Velhasıl, Rabbimiz ağını sermeden kayığında yatan balıkçıya tek bir balık bile göndermiyor, ‘balık yakalama’ sonucunu ‘ağı serme’ fiilî duasıyla birlikte yaratıyorsa, ağ serilmelidir. Ama balıklar kayığa doluşurken, bilinmelidir ki, “Bu, Rabbimin fazlındandır.” Başka tüm sözler boş, asılsız ve koftur. “İyi yakaladım,” “Şansım yaver gitti” gibi sözler, olsa olsa, gelen nimeti Rabbinin fazlından bilmeme halinin tercümandır.

Gerçekten, tarlanın sürülmesi ve buğdayın ekilmesi ile mahsul; ağın yapılması ve denize atılması ile balık gelmiştir. İnsan, kolaylıkla “Bunu ben akıl ettim” vehmine düşebilir; ama bunun vehim olduğunu anlaması bir hayli zordur. Çünkü, o aklı nereden bulduğunu, sokaktan mı aldığını, ve nasıl akıl ettiğini düşünmez. Bir dalgınlık anında, bir ani haber karşısında, bir nebze yaşlanınca yahut bir travma sonrasında yitip gidivermesiyle onun kendi malı olmadığını; ona verildiğini bilfiil belgeleyen aklı kendisinin öz malı sanır. Keza, ağı atma veya buğdayı ekme gücünü de kendinden bilir. Oysa, yeryüzünde, gözünün önünde, istediği halde kolunu dahi kıpırdatamayan nice felçli, hasta ve yaşlı vardır!

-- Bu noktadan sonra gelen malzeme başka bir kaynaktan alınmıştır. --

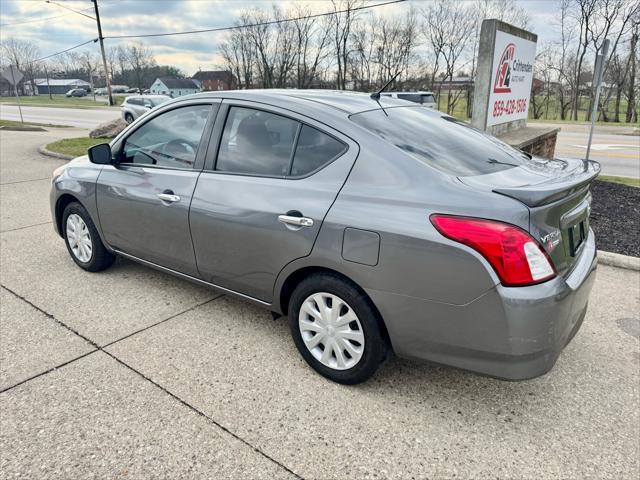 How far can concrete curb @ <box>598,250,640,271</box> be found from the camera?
180 inches

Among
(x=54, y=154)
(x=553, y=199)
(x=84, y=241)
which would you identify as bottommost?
(x=54, y=154)

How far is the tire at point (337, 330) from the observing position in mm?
2490

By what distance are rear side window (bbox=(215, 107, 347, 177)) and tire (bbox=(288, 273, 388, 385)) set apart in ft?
2.22

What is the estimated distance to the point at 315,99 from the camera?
299 cm

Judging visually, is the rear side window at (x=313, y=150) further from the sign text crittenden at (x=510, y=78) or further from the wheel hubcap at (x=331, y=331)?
the sign text crittenden at (x=510, y=78)

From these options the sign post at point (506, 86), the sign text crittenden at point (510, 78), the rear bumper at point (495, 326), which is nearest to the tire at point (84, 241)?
the rear bumper at point (495, 326)

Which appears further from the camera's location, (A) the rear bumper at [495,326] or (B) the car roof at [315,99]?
(B) the car roof at [315,99]

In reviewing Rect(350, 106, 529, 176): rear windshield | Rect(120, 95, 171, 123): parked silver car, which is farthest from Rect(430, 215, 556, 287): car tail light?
Rect(120, 95, 171, 123): parked silver car

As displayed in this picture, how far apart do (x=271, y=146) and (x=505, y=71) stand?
286 inches

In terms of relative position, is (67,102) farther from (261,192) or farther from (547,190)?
(547,190)

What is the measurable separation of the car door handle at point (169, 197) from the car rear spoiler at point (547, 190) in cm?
210

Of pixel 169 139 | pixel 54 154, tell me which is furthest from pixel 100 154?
pixel 54 154

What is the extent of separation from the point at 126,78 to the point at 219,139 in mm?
91834

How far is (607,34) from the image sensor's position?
113 feet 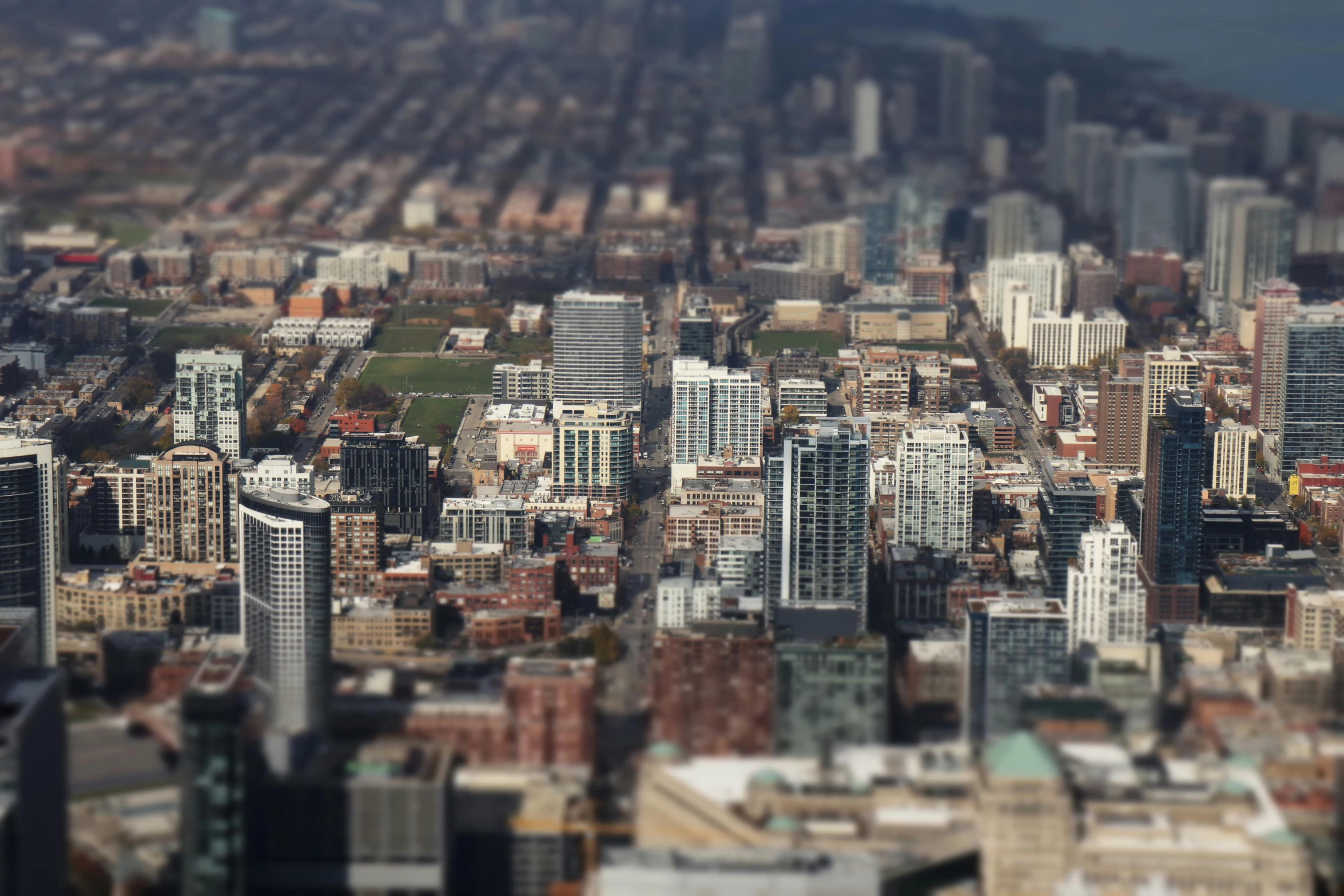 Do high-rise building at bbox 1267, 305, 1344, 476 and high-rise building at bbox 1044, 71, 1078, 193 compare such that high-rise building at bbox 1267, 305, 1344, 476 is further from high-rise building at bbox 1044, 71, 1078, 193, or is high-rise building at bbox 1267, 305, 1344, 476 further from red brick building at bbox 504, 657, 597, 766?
high-rise building at bbox 1044, 71, 1078, 193

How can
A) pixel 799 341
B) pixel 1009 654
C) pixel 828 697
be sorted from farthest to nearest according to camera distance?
pixel 799 341 → pixel 1009 654 → pixel 828 697

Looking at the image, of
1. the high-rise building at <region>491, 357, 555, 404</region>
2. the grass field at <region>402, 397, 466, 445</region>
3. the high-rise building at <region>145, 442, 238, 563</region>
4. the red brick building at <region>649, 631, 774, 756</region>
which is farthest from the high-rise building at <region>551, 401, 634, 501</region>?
the red brick building at <region>649, 631, 774, 756</region>

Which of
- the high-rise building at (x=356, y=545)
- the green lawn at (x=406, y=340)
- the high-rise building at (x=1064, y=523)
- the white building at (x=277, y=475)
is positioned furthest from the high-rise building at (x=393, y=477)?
the green lawn at (x=406, y=340)

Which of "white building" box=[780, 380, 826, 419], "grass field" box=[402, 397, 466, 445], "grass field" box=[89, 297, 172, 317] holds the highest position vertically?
"grass field" box=[89, 297, 172, 317]

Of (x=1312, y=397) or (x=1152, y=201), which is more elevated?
(x=1152, y=201)

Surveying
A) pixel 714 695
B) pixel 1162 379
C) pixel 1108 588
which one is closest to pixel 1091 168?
pixel 1162 379

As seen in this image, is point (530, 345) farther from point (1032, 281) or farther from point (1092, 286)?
point (1092, 286) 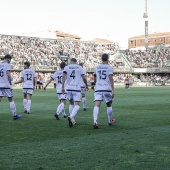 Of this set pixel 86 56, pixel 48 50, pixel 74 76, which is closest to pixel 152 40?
pixel 86 56

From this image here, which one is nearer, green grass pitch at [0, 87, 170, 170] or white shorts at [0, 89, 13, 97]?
green grass pitch at [0, 87, 170, 170]

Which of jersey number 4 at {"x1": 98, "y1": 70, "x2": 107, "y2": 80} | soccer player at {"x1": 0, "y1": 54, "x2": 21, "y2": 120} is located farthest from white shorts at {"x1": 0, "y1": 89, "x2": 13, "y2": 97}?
jersey number 4 at {"x1": 98, "y1": 70, "x2": 107, "y2": 80}

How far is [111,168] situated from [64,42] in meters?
72.5

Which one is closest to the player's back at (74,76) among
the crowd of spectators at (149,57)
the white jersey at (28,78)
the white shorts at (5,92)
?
the white shorts at (5,92)

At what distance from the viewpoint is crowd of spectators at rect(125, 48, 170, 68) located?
266ft

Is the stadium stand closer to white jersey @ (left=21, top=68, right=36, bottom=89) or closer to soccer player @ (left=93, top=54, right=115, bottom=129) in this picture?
white jersey @ (left=21, top=68, right=36, bottom=89)

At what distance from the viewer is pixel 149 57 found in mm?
83812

Böylesi bir dikkatle baksa, ‘hâzâ’ dediği şeyin, ‘Rabbinin fazlından’ olduğunu kolayca görecektir. Ama, zor olan, nefis ve şeytanın bu müdakkik bakışı engellemek için koyduğu tuzakları farkedip aşmaya çalışmaktır.

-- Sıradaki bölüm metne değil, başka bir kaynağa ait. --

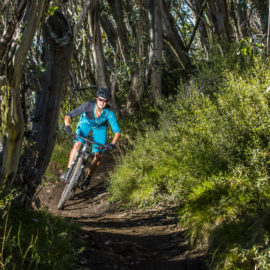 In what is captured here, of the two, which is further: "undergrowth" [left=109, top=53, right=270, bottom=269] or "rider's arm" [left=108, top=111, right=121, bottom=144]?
"rider's arm" [left=108, top=111, right=121, bottom=144]

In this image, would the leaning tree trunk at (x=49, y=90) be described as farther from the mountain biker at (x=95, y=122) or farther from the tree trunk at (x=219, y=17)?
the tree trunk at (x=219, y=17)

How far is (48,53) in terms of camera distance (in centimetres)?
466

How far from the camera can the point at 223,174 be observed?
527 cm

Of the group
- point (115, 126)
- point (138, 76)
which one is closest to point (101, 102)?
point (115, 126)

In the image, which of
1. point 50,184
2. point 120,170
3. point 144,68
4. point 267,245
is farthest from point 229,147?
point 144,68

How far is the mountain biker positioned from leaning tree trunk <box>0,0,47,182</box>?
2907 mm

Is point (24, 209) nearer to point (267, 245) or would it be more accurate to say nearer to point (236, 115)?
point (267, 245)

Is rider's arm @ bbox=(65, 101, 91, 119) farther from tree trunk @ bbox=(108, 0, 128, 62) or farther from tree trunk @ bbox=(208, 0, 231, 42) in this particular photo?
tree trunk @ bbox=(208, 0, 231, 42)

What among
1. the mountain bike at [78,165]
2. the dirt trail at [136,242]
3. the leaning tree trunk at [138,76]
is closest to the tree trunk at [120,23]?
the leaning tree trunk at [138,76]

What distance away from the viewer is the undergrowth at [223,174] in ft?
11.9

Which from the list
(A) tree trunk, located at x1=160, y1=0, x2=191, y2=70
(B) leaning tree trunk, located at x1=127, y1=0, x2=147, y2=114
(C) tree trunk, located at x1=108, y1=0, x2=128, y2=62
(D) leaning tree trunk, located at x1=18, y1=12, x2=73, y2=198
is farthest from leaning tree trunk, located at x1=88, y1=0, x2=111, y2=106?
(D) leaning tree trunk, located at x1=18, y1=12, x2=73, y2=198

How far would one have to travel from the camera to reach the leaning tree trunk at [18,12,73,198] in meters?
4.66

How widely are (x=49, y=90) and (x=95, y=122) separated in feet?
9.01

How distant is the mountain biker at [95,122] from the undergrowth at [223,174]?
970mm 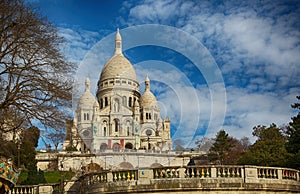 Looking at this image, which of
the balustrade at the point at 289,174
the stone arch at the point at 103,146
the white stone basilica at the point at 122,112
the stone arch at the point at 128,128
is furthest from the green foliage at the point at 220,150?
the balustrade at the point at 289,174

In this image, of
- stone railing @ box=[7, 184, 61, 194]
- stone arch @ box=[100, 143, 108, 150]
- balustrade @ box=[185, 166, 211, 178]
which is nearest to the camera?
balustrade @ box=[185, 166, 211, 178]

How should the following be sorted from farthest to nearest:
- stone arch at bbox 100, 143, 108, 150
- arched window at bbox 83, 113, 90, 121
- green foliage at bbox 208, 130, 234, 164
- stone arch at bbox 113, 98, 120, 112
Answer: stone arch at bbox 113, 98, 120, 112 → arched window at bbox 83, 113, 90, 121 → stone arch at bbox 100, 143, 108, 150 → green foliage at bbox 208, 130, 234, 164

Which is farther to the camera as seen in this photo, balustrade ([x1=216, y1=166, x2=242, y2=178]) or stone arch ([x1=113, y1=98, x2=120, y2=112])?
stone arch ([x1=113, y1=98, x2=120, y2=112])

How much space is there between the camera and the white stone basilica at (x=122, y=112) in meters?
107

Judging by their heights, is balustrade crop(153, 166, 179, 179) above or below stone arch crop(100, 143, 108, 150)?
below

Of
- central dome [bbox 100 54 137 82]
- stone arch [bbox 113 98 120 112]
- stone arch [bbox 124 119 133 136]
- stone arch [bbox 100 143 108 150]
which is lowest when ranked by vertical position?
stone arch [bbox 100 143 108 150]

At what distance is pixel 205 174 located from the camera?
63.1 ft

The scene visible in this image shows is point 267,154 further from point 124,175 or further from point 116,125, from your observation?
point 116,125

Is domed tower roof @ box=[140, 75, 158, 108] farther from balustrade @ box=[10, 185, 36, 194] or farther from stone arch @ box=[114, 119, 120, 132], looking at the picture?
balustrade @ box=[10, 185, 36, 194]

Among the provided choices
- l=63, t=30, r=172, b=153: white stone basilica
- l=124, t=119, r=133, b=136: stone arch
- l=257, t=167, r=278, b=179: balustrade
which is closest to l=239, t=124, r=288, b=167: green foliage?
l=257, t=167, r=278, b=179: balustrade

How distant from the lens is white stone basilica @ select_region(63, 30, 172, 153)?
352 feet

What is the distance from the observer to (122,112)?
119m

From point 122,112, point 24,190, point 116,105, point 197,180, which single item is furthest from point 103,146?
point 197,180

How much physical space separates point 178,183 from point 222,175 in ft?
6.15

İnsan, Rabbinin fazlıyla ona sunulan her nimet karşısında, kendine dönük sorgulamaların yanısıra, sair mevcutlara yönelik sorgulamalar da yapabilse, her bir nimet için koca kâinatın istihdam edildiğini; o nimetin ancak bütün kâinata hükmeden bir Hâkim-i Ezelînin ihsanı olduğunu anlayacaktır. Tek bir buğdayın varlığı bile, binbir mineral yüklü toprağı var eden, gökten suyu indiren, küçücük buğdaya onca buğdayı meyve verecek bereket yüklü bir program derceden, güneşi ve dünyayı yeryüzünde hayatı mümkün kılan bir mesafe ve konumda yerleştiren.. tek bir buğdayın varlığı için elzem olan böylesi nice hali var eden ve tüm bu haller arasında o buğdayın var olmasına elverişli bir ilişkiler ağı kuran bir Rabbin varlığına muhtaçtır. Yakalanan tek bir balık dahi, denizleri yaratan, dalgaları denizlerin akciğeri kılan, küçücük balıklara suyun içindeki akciğeri süzüp alacak solungaçlar veren; onları en donanımlı bir gemiden hadsiz derecede kolay, mükemmel ve zahmetsiz bir şekilde yol almalarına vesile olan mükemmel bir iskelet, yüzgeç ve kuyruk yapısıyla donatan.. bir Rabbin varlığına muhtaçtır.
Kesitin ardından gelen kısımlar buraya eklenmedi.